HOW TO COMPLETE THIS TASK: Set down each line of the records once more, precisely, and omit the pictures.

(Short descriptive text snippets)
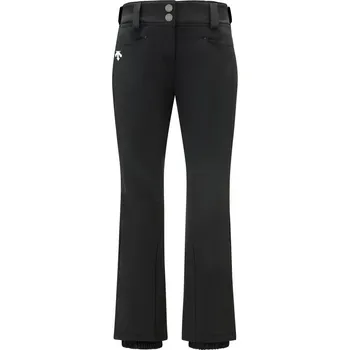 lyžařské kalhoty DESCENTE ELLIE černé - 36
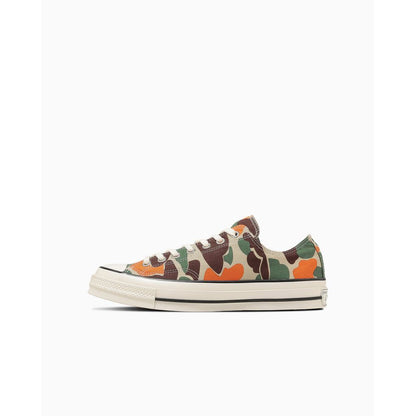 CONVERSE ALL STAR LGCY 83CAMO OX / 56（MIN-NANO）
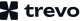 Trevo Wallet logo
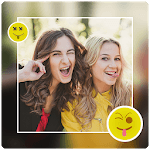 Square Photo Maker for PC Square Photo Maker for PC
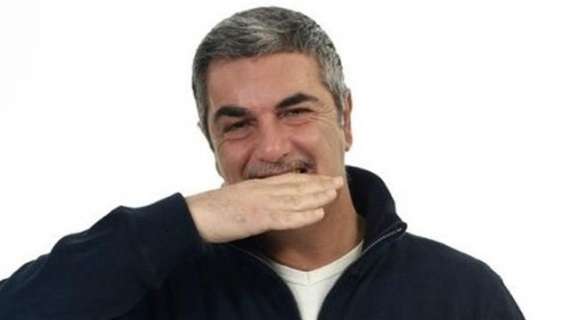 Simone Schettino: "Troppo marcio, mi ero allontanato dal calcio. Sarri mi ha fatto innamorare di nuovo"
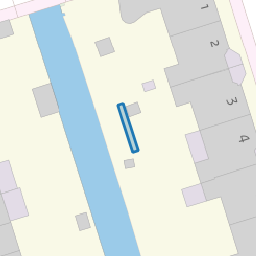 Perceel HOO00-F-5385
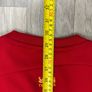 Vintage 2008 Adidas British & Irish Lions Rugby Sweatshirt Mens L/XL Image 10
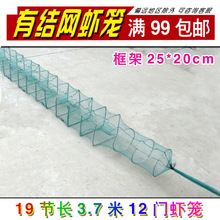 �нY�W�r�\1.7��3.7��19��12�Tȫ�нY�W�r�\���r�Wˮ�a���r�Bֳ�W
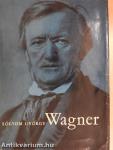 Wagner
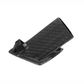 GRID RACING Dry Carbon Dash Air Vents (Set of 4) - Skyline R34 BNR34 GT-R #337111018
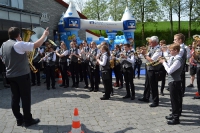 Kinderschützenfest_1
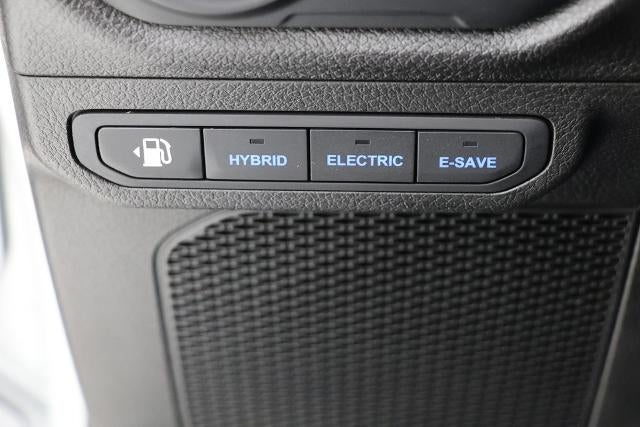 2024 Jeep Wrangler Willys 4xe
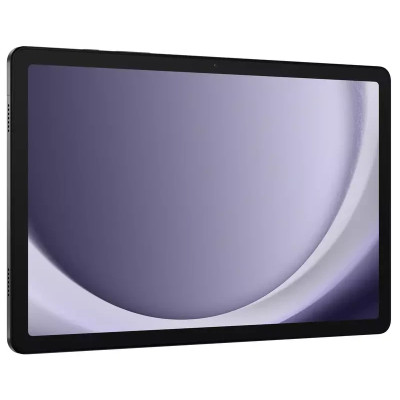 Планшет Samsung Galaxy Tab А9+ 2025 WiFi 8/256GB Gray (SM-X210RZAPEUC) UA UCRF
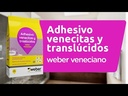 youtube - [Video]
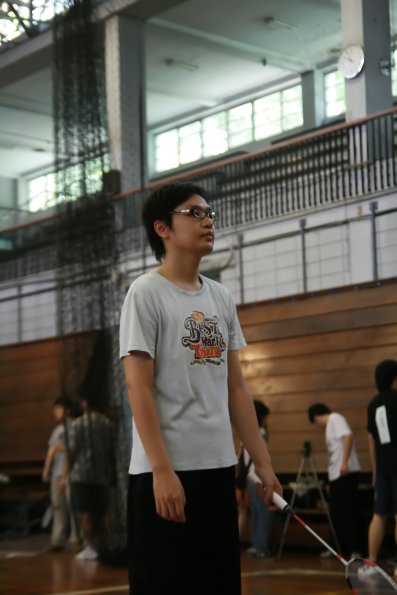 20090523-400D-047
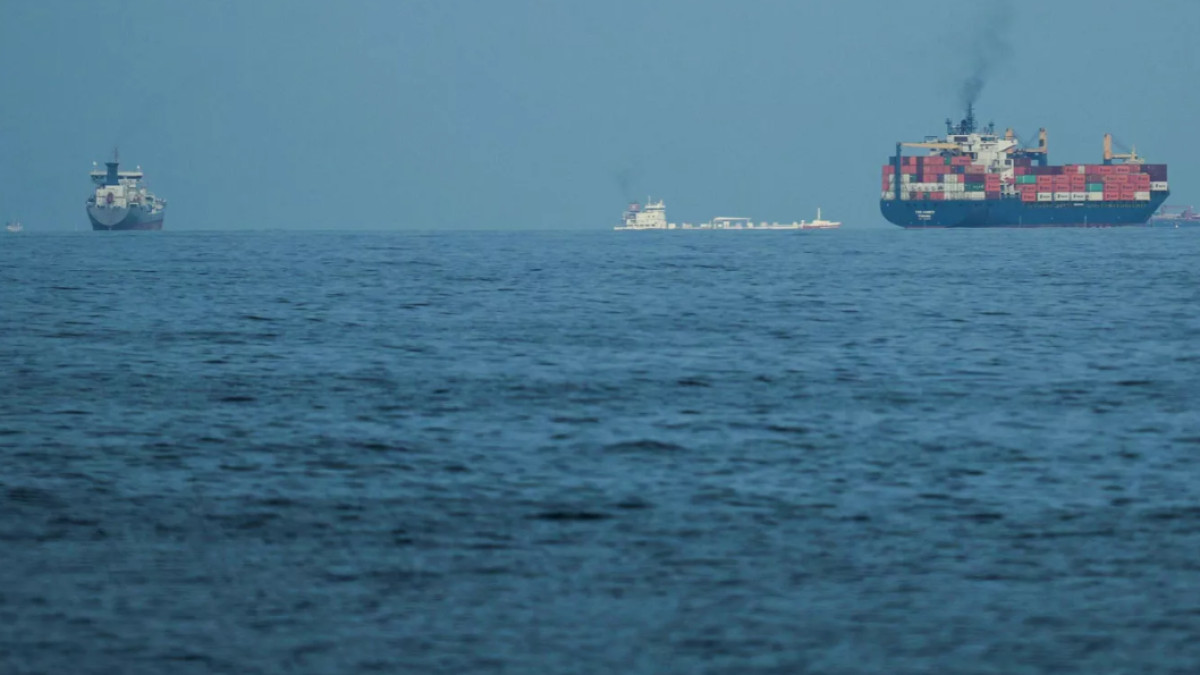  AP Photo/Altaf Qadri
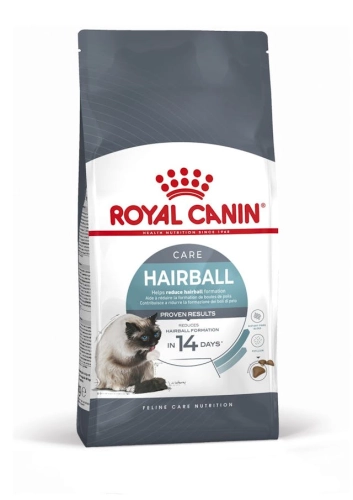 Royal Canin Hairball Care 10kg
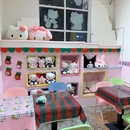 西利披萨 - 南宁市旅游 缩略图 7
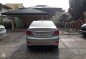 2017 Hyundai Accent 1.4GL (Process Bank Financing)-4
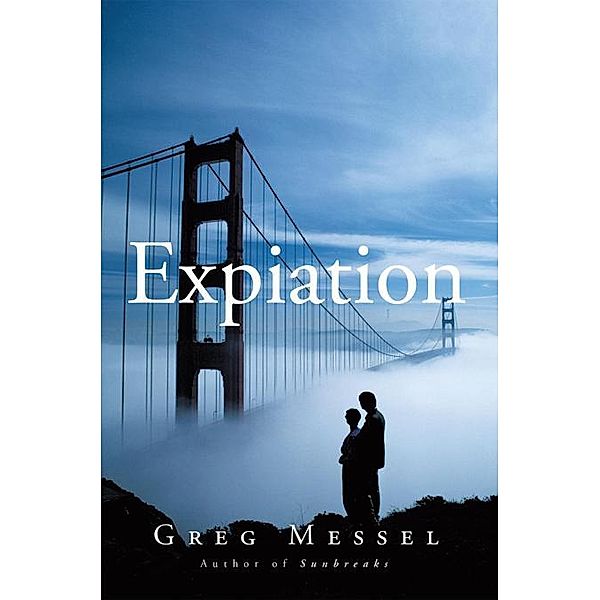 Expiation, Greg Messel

EXERCISE OUTPUT:
 lyžařské kalhoty DESCENTE ELLIE černé - 36
 CONVERSE ALL STAR LGCY 83CAMO OX / 56（MIN-NANO）
 Trevo Wallet logo
 Square Photo Maker for PC Square Photo Maker for PC
 Simone Schettino: "Troppo marcio, mi ero allontanato dal calcio. Sarri mi ha fatto innamorare di nuovo"
 Perceel HOO00-F-5385
 Vintage 2008 Adidas British & Irish Lions Rugby Sweatshirt Mens L/XL Image 10
 �нY�W�r�\1.7��3.7��19��12�Tȫ�нY�W�r�\���r�Wˮ�a���r�Bֳ�W
 Wagner
 GRID RACING Dry Carbon Dash Air Vents (Set of 4) - Skyline R34 BNR34 GT-R #337111018
 Kinderschützenfest_1
 2024 Jeep Wrangler Willys 4xe
 Планшет Samsung Galaxy Tab А9+ 2025 WiFi 8/256GB Gray (SM-X210RZAPEUC) UA UCRF
 youtube - [Video]
 20090523-400D-047
  AP Photo/Altaf Qadri
 Royal Canin Hairball Care 10kg
 西利披萨 - 南宁市旅游 缩略图 7
 2017 Hyundai Accent 1.4GL (Process Bank Financing)-4
 Expiation, Greg Messel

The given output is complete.